According to an embodiment, the reference samples may be samples included in a neighboring block of the current block. For example, the reference samples may be samples adjacent to a left boundary of the current block and/or samples may be samples adjacent to an upper boundary. Also, the reference samples may be samples located on a line within a predetermined distance from the left boundary of the current block and/or samples located on a line within a predetermined distance from the upper boundary of the current block among the samples of neighboring blocks of the current block. In this case, the neighboring block of the current block may include the left (L) block, the upper (A) block, the below left (BL) block, the above right (AR) block, or the above left (AL) block.

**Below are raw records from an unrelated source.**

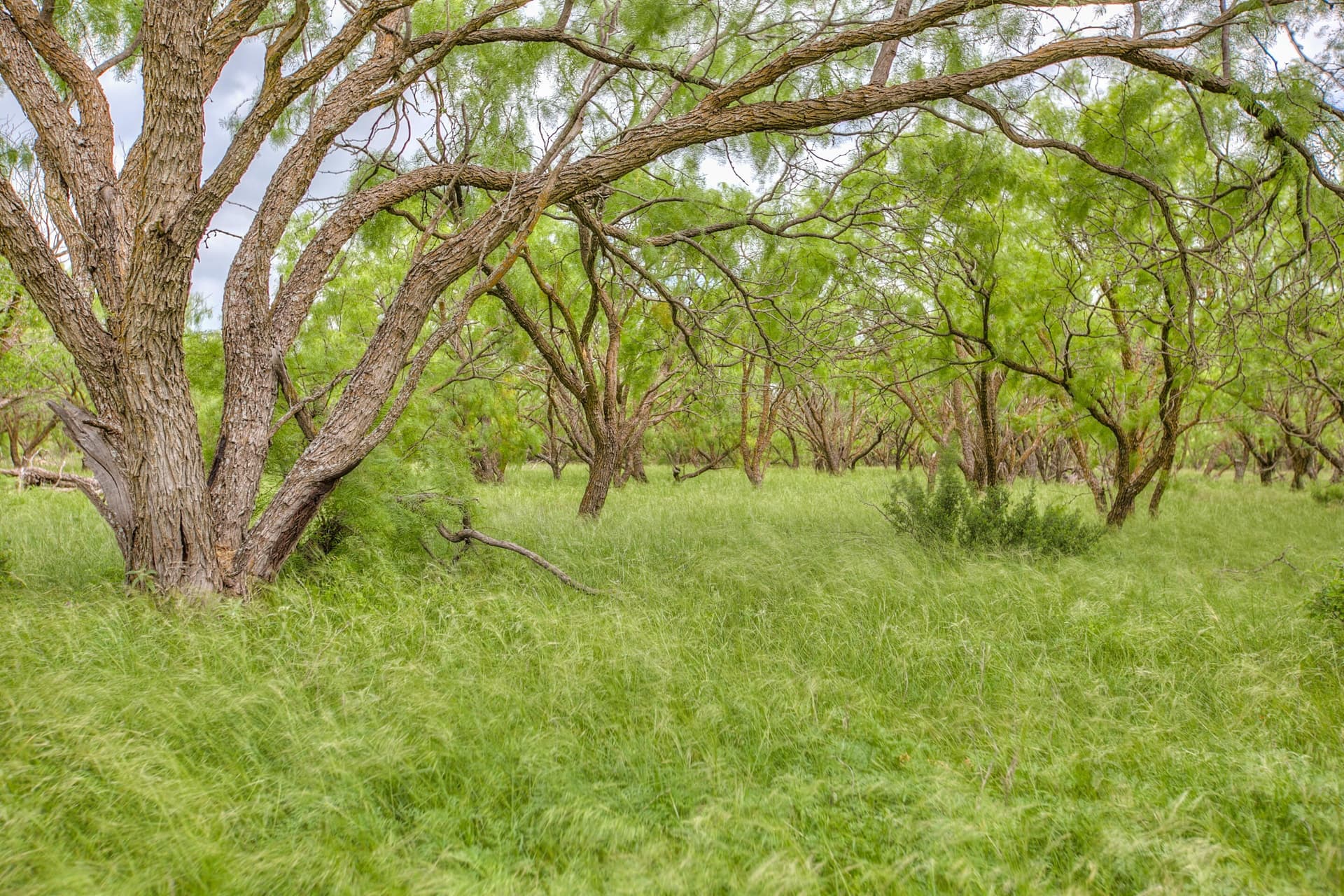 86.23 acres in Runnels County - photo 45
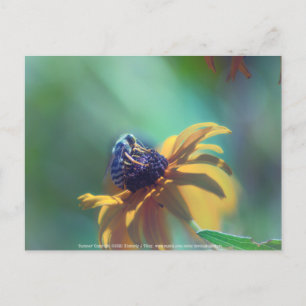 Zomer Briefkaart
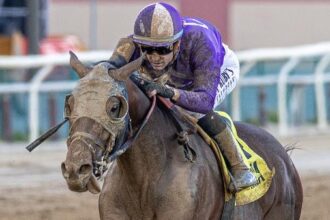 2025 Belmont Stakes Prospect Profiles: Peter Pan Stakes Winner Hill Road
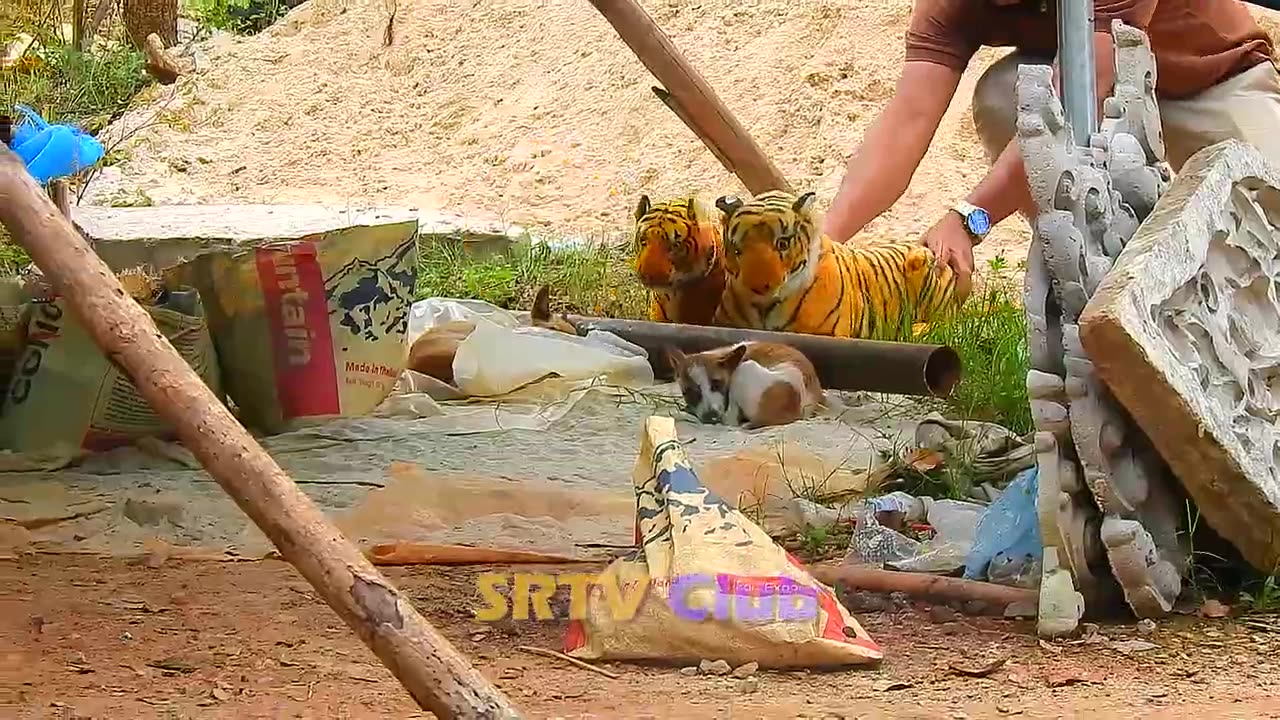 Fake Tiger Prank on Dog - Can You Handle the Laughter?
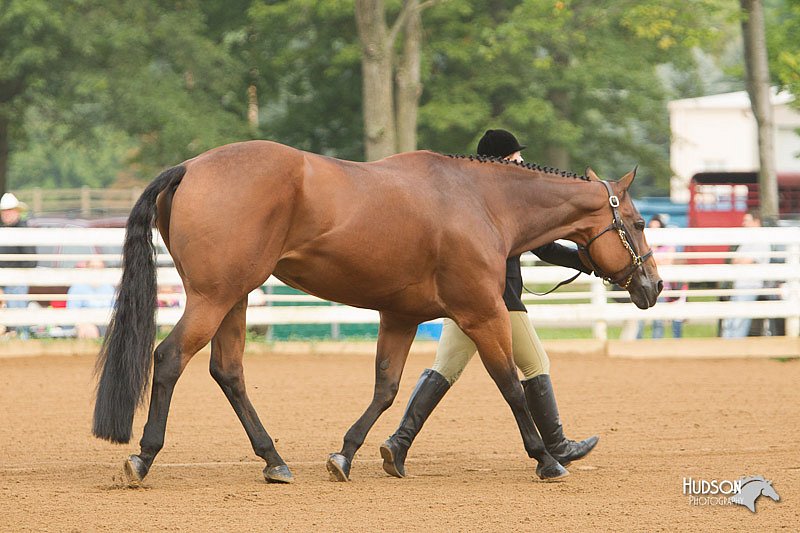 4H-Districts-11_1278.jpg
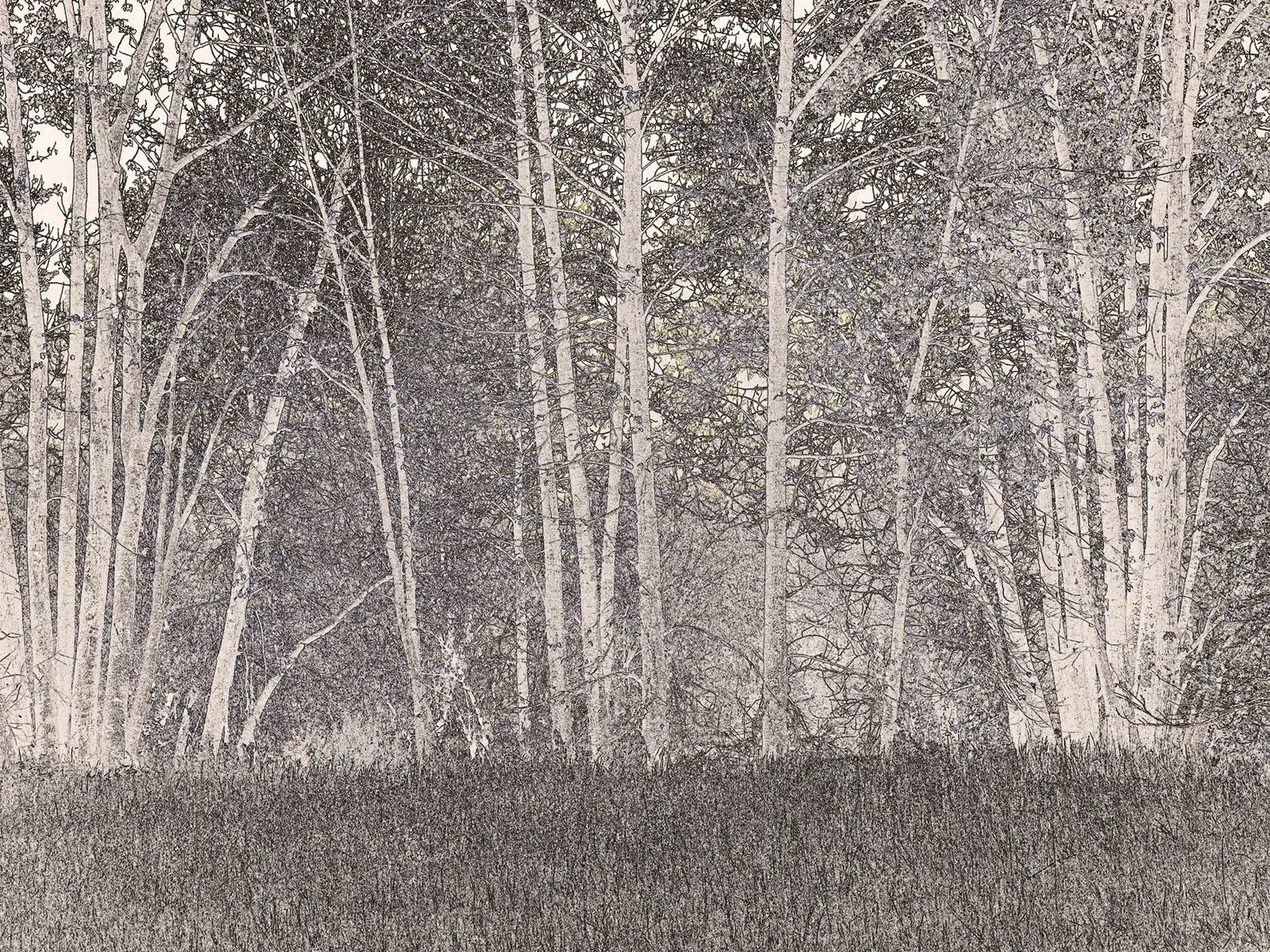 David Hoffman, Alder Grove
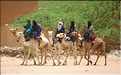 Le dromadére, que les Touaregs appel chameau, reste un moyen de transport encore très utilisé (12)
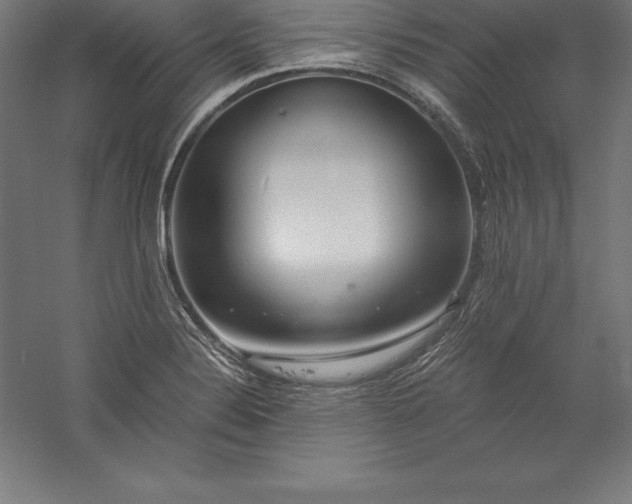 X0000056341324200509091520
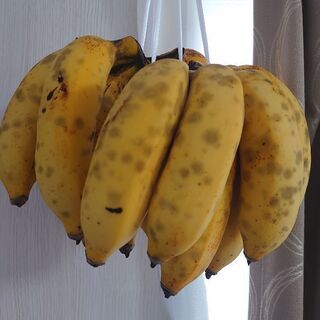 無農薬島バナナ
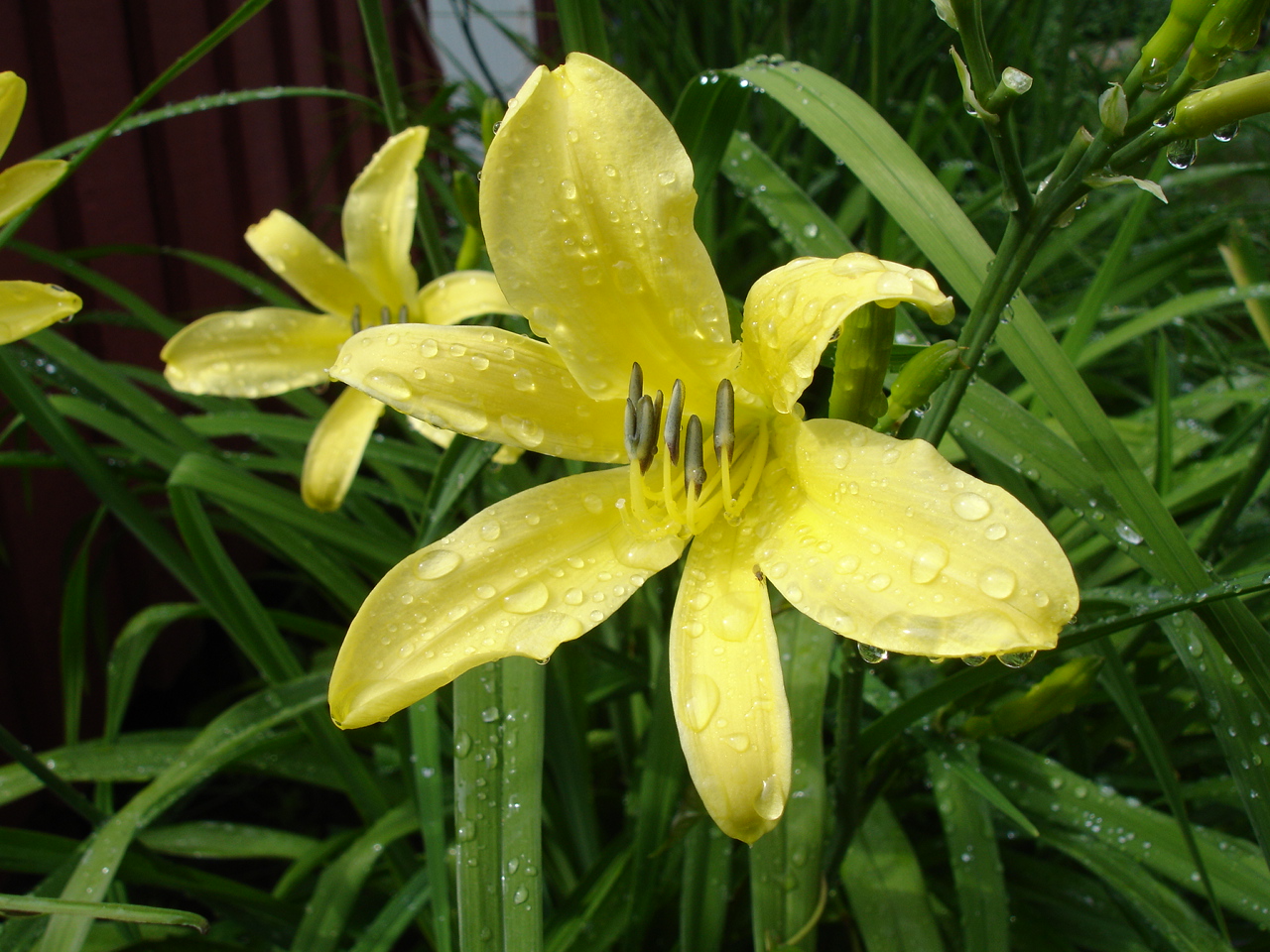 Hemerocallis citrina, Citron daylily — clumping deciduous (Asphodelaceae) (image 2 of 9)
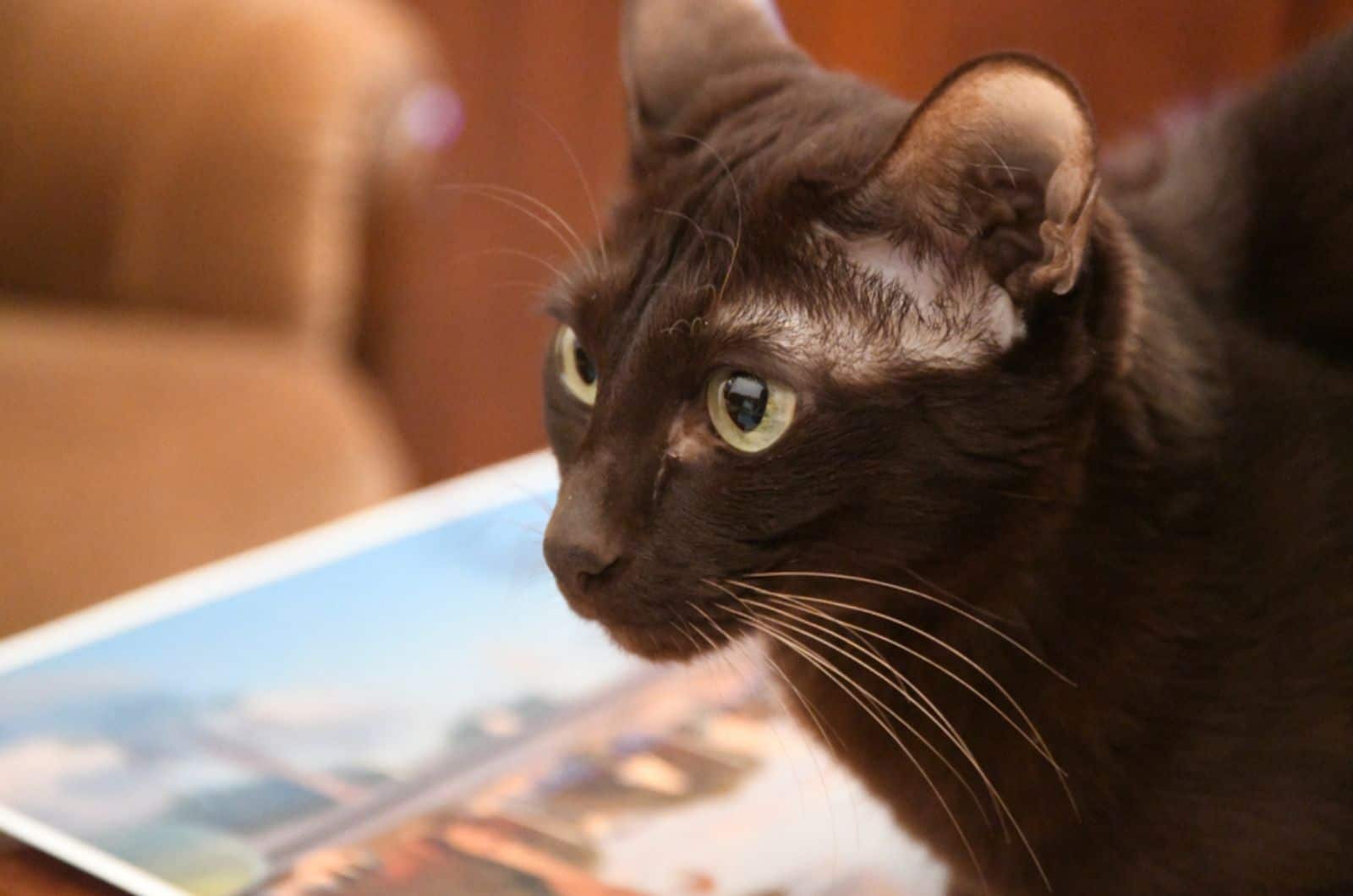 Havana bruine kat kijkt opzij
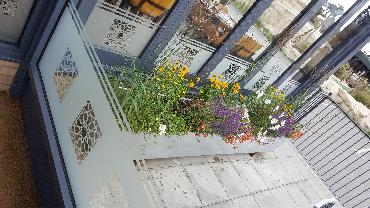 Major Plants Ltd - Gökyüzü Chingford - London - UK - Image 7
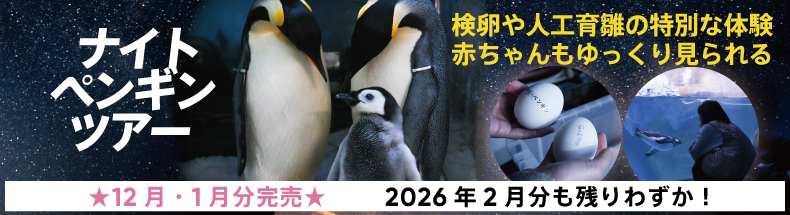 ナイトペンギン2026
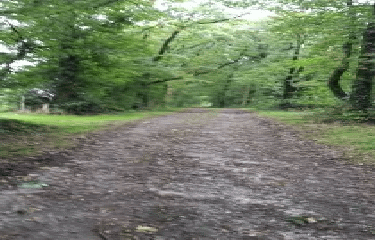 SAINT-CHRISTOPHE-DU-BOIS - RANDONNEE DES EOLIENNES-maine-et-loire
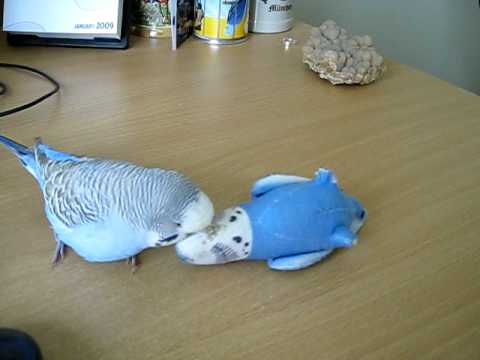 Youtube: Dieter the Budgie 9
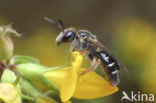 Steilrandgroefbij (Lasioglossum quadrinotatulum)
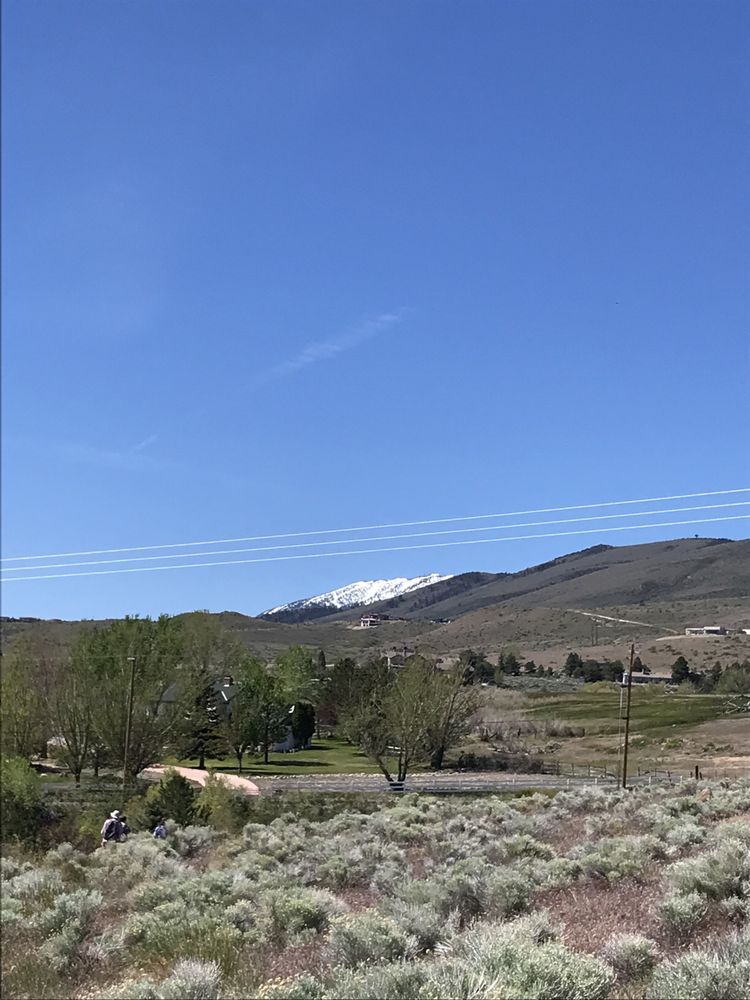 Truckee Meadows Parks Foundation - social services organization in Reno, NV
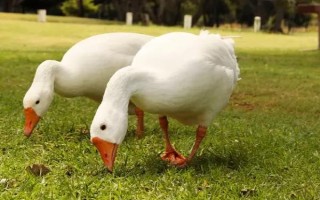 鹅能当宠物养吗，鹅可以当宠物养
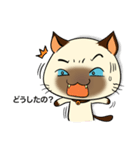 Wichienmas,  Happy Siamese Cat. (jp)（個別スタンプ：21）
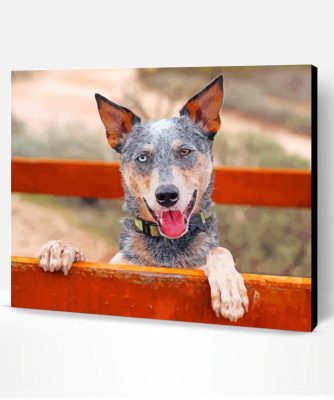 Australian Heeler Paint By Number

The inter prediction unit 254 generates a prediction block using reference pictures and inter encoding information stored in the DPB 256. The inter coding information may include motion information set (reference picture index, motion vector information, etc.) of the current block for the reference block. Inter prediction may include L0 prediction, L1 prediction, and bi-prediction. L0 prediction means prediction using one reference picture included in the L0 picture list, and L1 prediction means prediction using one reference picture included in the L1 picture list. For this, one set of motion information (e.g., motion vector and reference picture index) may be required. In the bi-prediction method, up to two reference regions may be used, and the two reference regions may exist in the same reference picture or may exist in different pictures. That is, in the bi-prediction method, up to two sets of motion information (e.g., a motion vector and a reference picture index) may be used and two motion vectors may correspond to the same reference picture index or different reference picture indexes. In this case, the reference pictures are pictures located temporally before or after the current picture, and may be pictures for which reconstruction has already been completed. According to an embodiment, two reference regions used in the bi-prediction scheme may be regions selected from picture list L0 and picture list L1, respectively.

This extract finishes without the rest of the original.